Chef Patrick Meany’s morning commute to the kitchen at The Inn at Newport Ranch is anything but boring. Around 11:00 am he fires up his ATV, then zooms away from his house, which is located on a hill about a mile down the road from the ranch’s main building.
One of the first decisions he makes is which direction to head. Dozens of intersecting paths snake across the 2,200 acre property, which teems with hundreds of different types of edible plants, trees, herbs, grasses and fungi. Depending on what strikes his fancy, he’ll either power off into an old-growth redwood grove, through a shady creekside valley, or up a verdant, grassy hillside. The goal: to forage for something tasty that will add a dash of color, flavor or texture to the next night’s menu.
Menus are usually planned 24 hours in advance by Meany and sous chef Malinda Masing, based in part on what their foraging expeditions turn up.
“There is spontaneity based on what is out here,” said Meany. “Our native fruits and berries can be used for desserts, chickweed can be used as a garnish, green pine cones can be turned into syrup, and thistle can be used for rennet. Woods such as Douglas fir, applewood, and cypress can be used to smoke meat. There are so many things the land gives us that we can make flavors from that are representations of our one-of-a-kind location.”
Situated about 10 miles north of Fort Bragg in Kibesillah, a former lumber-processing hamlet, the property’s vast acreage affords sweeping views of the Pacific and an elevation differential of 1,200 feet from the shoreline to the top of the highest ridgeline. Highway 1 cuts through the ranch north to south, with dramatic ocean bluffs to the west, wide expanses of grazing land to the east, and miles of redwood-forested coastal mountains that extend well beyond the sightline.
The property is so large that it encompasses at least seven distinct microclimates and a wildly varied biome replete with an abundance of flora and fauna. It also contains two on-site cultivated gardens which supply the majority of the non-foraged vegetables, herbs, and flowers. There’s a small garden adjacent to the guest rooms in the main ranch area that Meany inherited from the prior culinary team, and a much larger garden about a half-mile down the road that he and Masing started building from scratch in the early spring.
The ability to forage and farm are two reasons that Meany was attracted to the job, and they are both essential to the new culinary program that he and Masing have been implementing since he was hired as the Inn’s new Executive Chef in February. The program is grounded in a “from-the-land” philosophy, with a goal of sourcing 80% of ingredients from what’s grown or foraged on the property.
Once both the cultivated gardens reach full production in late summer, this goal will become a reality. “By fall we will be rolling deep in vegetables,” he says gleefully.
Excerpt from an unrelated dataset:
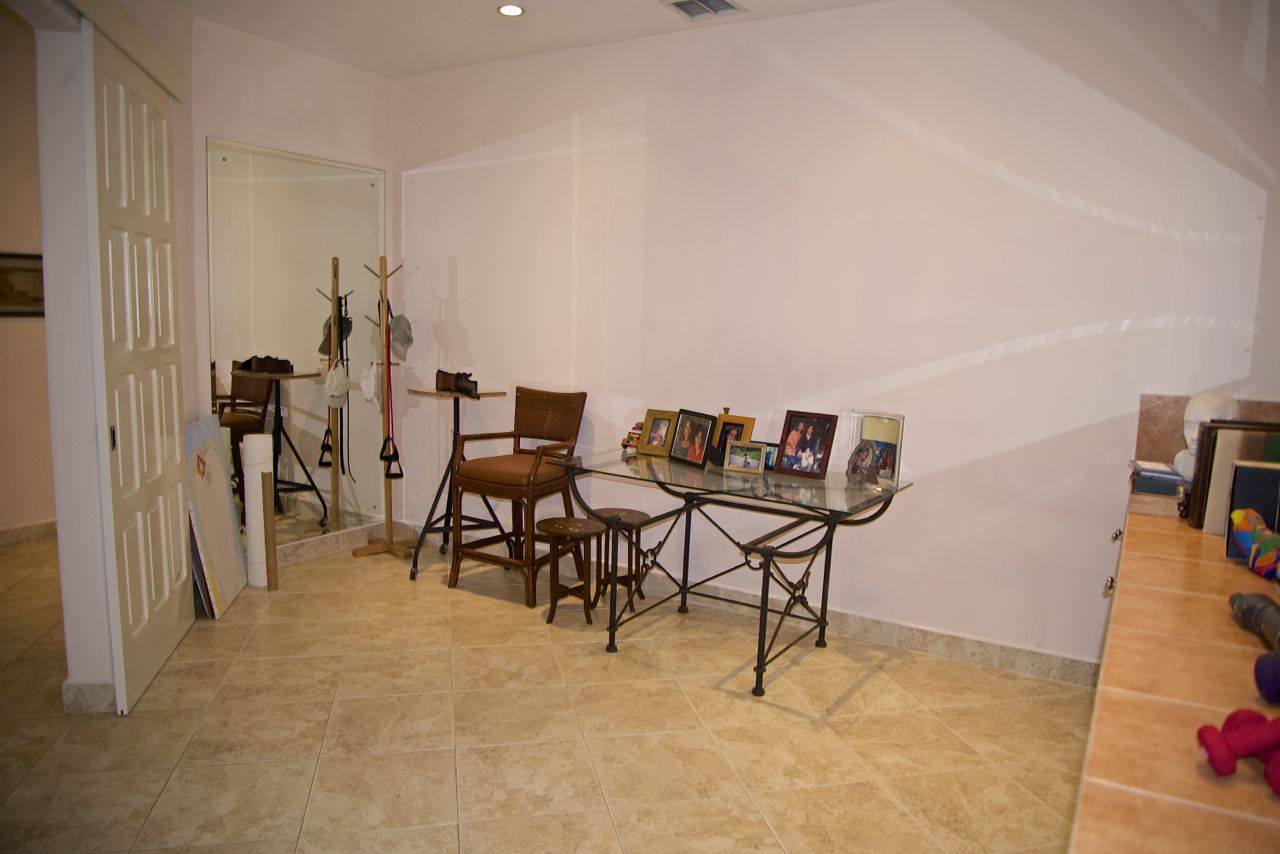 Southbeach_Paradise_22.jpg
Although the foggy coastal climate and soil type is not ideal for certain types of plants, Meany intends to make the most of what does thrive there. That includes broccoli, cauliflower, cabbage, carrots, Brussels sprouts, kale, kohlrabi, daikon, radishes, fennel, lettuces and root vegetables.
“We have lots of lettuces,” he said. “We hit them pretty hard, and re-plant a lot. We’re also really proud of our flowering cauliflower —it’s super-cool. It’s different from what you see in grocery stores—it’s got long thin stalks that are more like a flower than a floret.”
What isn’t grown or found onsite is sourced from local producers, ensuring that Meany knows the provenance of 100% of the food served at the Inn.
“If you don’t know where your food comes from, you can’t speak to the quality of it,” Meany said. “It goes beyond the romance of it. It’s the real thing.”
There is something oddly romantic, though, about gazing out to sea during dinner and seeing the flashing light of the fishing boat that caught the cod that you are currently eating.
Meany says that when he first started working at the Inn, the fish was brought in from afar, and a guest complained that it was sub-par. Literally the next day Meany met Max, a local fisherman who works the waters between Fort Bragg and the Lost Coast. The two hit it off, and Max offered to supply the restaurant on a daily basis. He now brings in fish that’s so fresh it hasn’t even gone into rigor mortis yet. And yes, he can occasionally be seen plying his trade in the waters offshore from the Inn. It doesn’t get much more local than that.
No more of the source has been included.